Exercise: Omitting the pictures, output all of the records precisely as written.
━━━━━ Data section ━━━━━
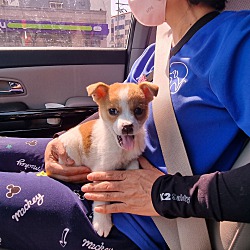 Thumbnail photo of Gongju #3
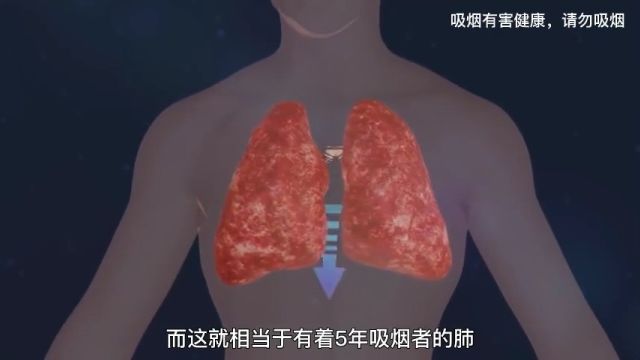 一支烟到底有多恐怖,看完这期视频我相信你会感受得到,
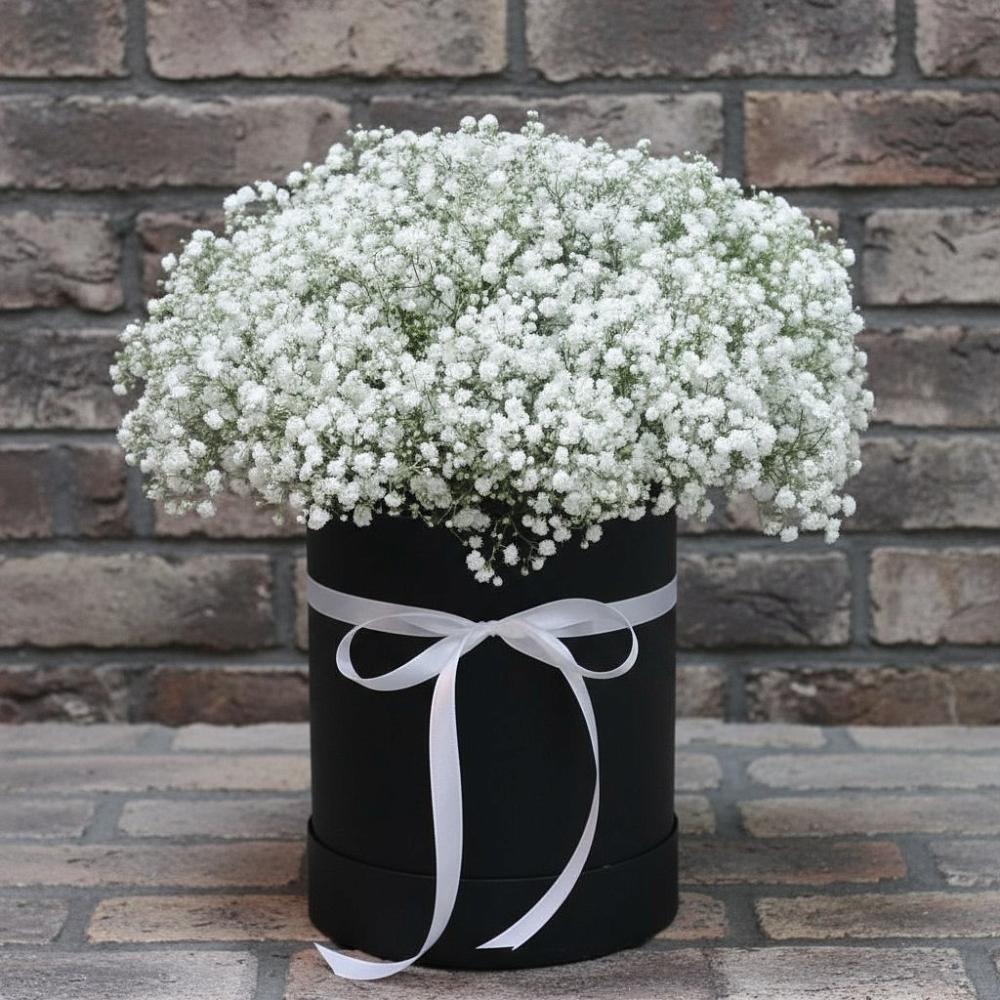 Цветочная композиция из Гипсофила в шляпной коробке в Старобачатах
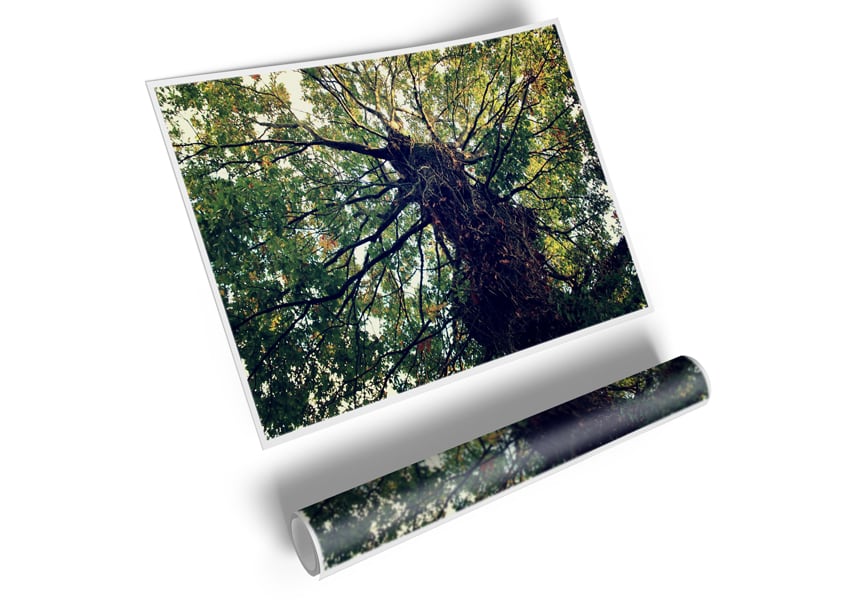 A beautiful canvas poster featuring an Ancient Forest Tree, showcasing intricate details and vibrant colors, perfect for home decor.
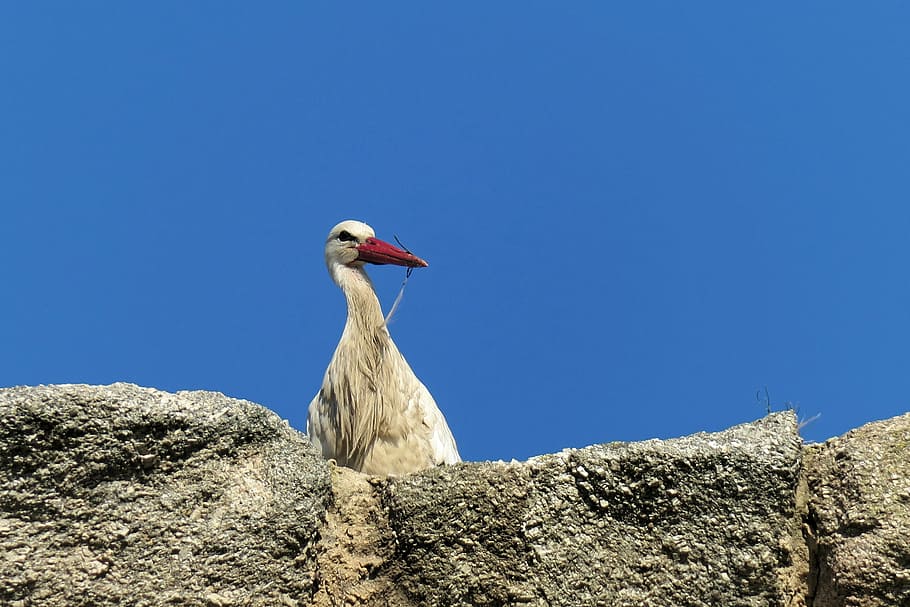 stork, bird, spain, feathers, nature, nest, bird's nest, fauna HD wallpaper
━━━━━
Worked solution:
 Thumbnail photo of Gongju #3
 一支烟到底有多恐怖,看完这期视频我相信你会感受得到,
 Цветочная композиция из Гипсофила в шляпной коробке в Старобачатах
 A beautiful canvas poster featuring an Ancient Forest Tree, showcasing intricate details and vibrant colors, perfect for home decor.
 stork, bird, spain, feathers, nature, nest, bird's nest, fauna HD wallpaper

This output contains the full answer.